## YOUR TASK
Pictures do not belong in the copy, so please give every entry below again exactly.

## LISTED RECORDS
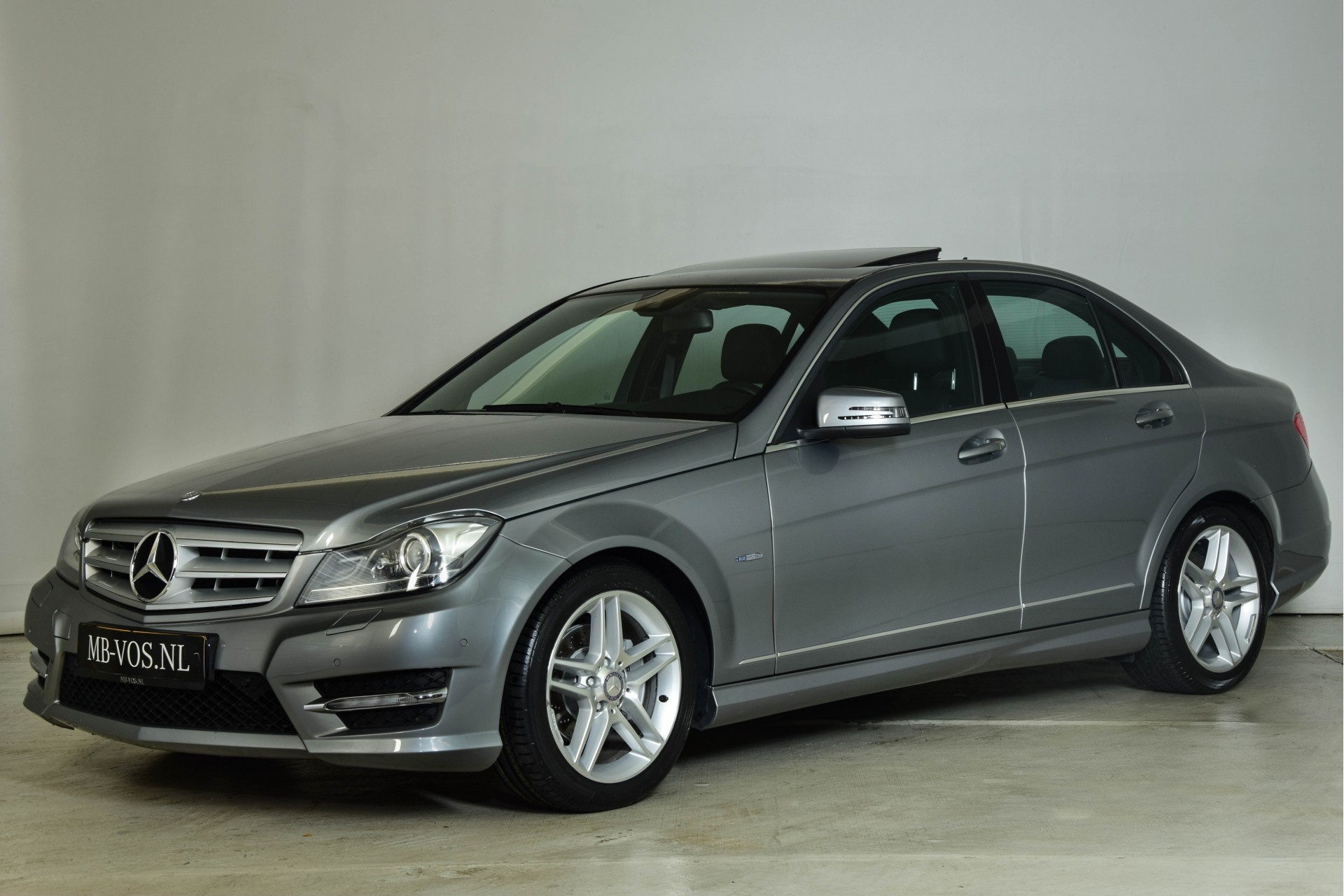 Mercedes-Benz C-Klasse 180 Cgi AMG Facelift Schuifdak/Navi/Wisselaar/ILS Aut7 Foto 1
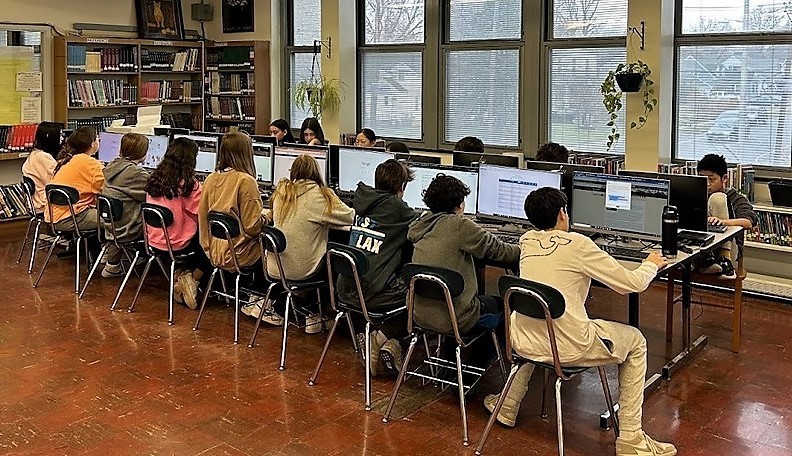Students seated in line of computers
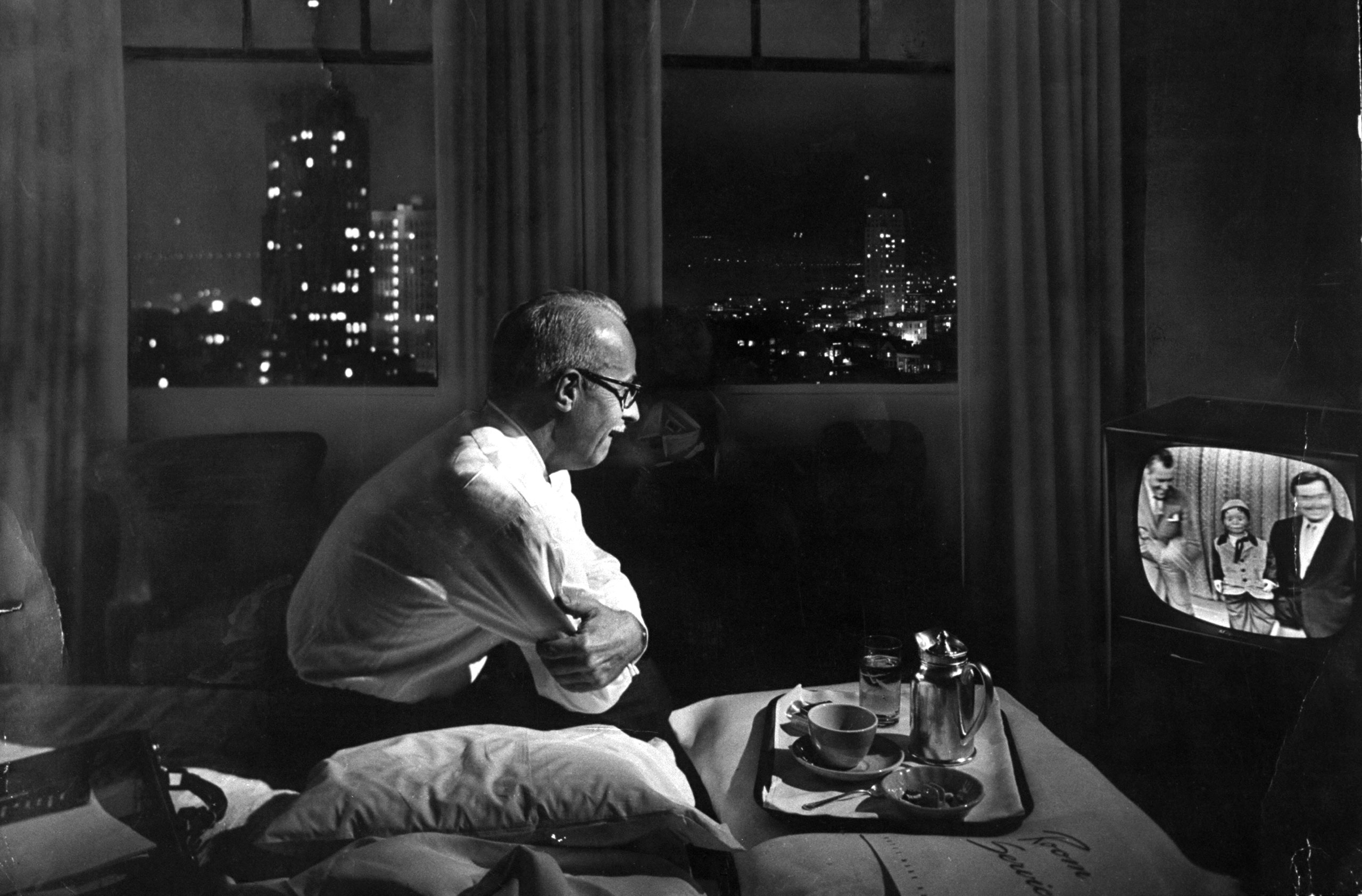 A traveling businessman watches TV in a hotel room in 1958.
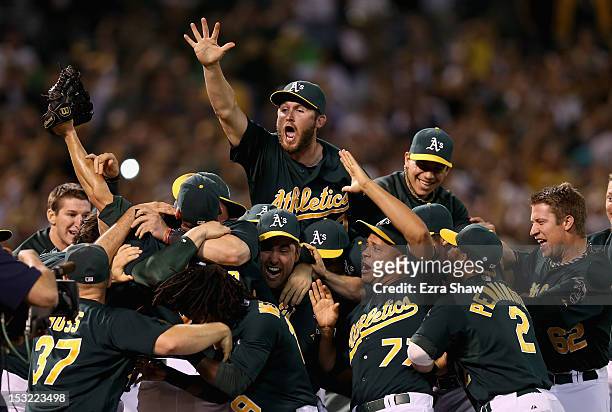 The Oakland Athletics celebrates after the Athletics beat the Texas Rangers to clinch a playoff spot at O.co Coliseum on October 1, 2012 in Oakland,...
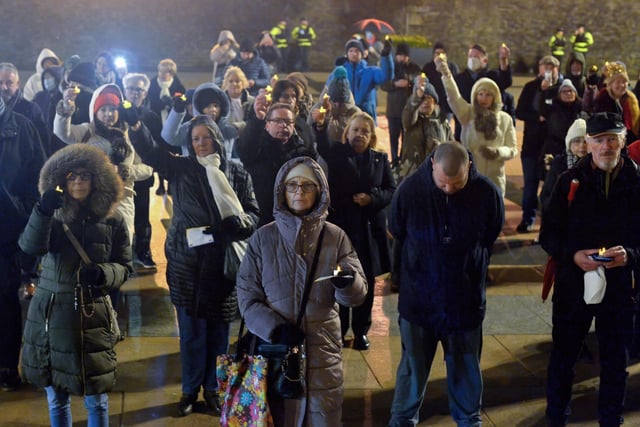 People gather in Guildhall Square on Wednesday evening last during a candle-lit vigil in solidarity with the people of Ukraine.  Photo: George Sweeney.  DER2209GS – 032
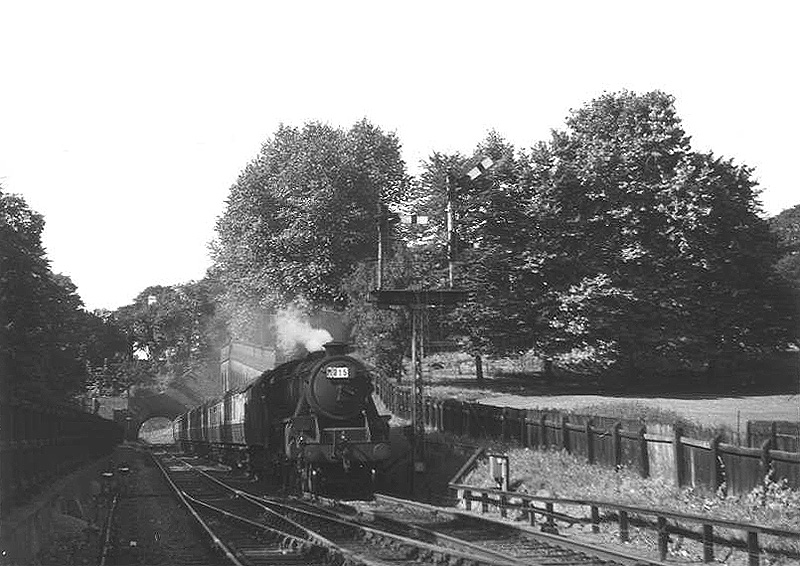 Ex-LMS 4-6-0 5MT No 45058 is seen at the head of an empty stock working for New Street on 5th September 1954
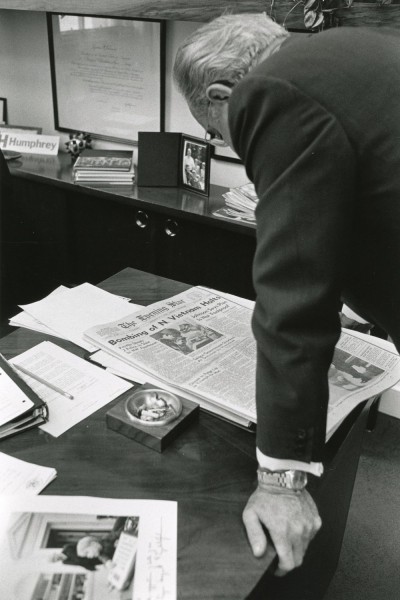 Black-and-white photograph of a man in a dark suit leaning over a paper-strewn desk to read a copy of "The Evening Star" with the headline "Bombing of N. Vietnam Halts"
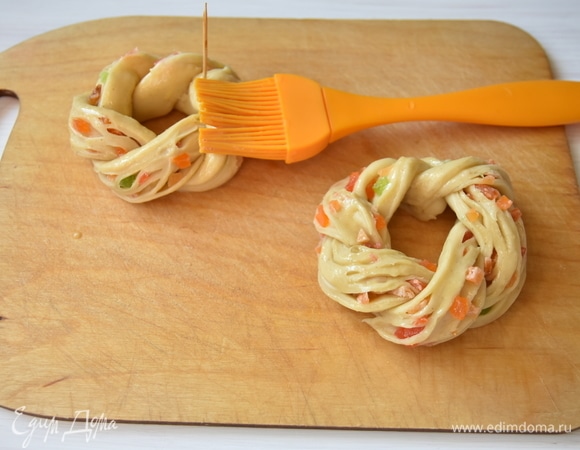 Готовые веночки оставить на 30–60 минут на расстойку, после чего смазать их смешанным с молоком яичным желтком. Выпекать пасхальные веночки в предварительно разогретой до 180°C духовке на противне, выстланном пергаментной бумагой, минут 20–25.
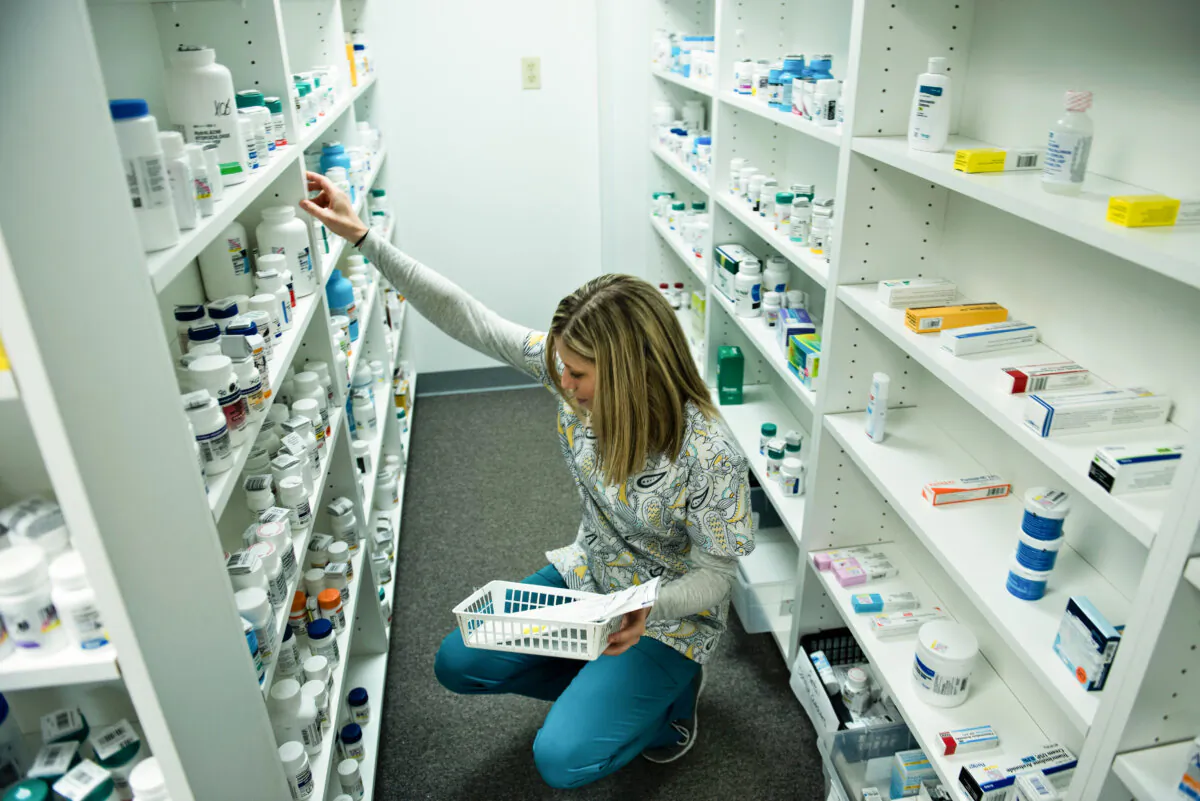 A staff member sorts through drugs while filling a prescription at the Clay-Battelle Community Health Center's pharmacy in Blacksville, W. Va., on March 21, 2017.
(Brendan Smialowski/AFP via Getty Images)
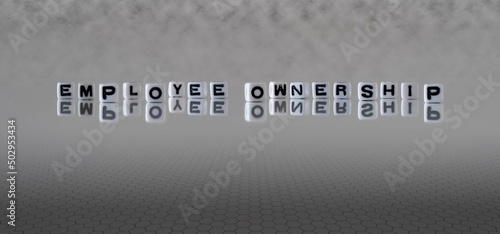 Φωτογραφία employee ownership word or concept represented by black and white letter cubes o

## RESPONSE TO THIS TASK
 Mercedes-Benz C-Klasse 180 Cgi AMG Facelift Schuifdak/Navi/Wisselaar/ILS Aut7 Foto 1
Students seated in line of computers
 A traveling businessman watches TV in a hotel room in 1958.
 The Oakland Athletics celebrates after the Athletics beat the Texas Rangers to clinch a playoff spot at O.co Coliseum on October 1, 2012 in Oakland,...
 People gather in Guildhall Square on Wednesday evening last during a candle-lit vigil in solidarity with the people of Ukraine.  Photo: George Sweeney.  DER2209GS – 032
 Ex-LMS 4-6-0 5MT No 45058 is seen at the head of an empty stock working for New Street on 5th September 1954
 Black-and-white photograph of a man in a dark suit leaning over a paper-strewn desk to read a copy of "The Evening Star" with the headline "Bombing of N. Vietnam Halts"
 Готовые веночки оставить на 30–60 минут на расстойку, после чего смазать их смешанным с молоком яичным желтком. Выпекать пасхальные веночки в предварительно разогретой до 180°C духовке на противне, выстланном пергаментной бумагой, минут 20–25.
 A staff member sorts through drugs while filling a prescription at the Clay-Battelle Community Health Center's pharmacy in Blacksville, W. Va., on March 21, 2017.
(Brendan Smialowski/AFP via Getty Images)
 Φωτογραφία employee ownership word or concept represented by black and white letter cubes o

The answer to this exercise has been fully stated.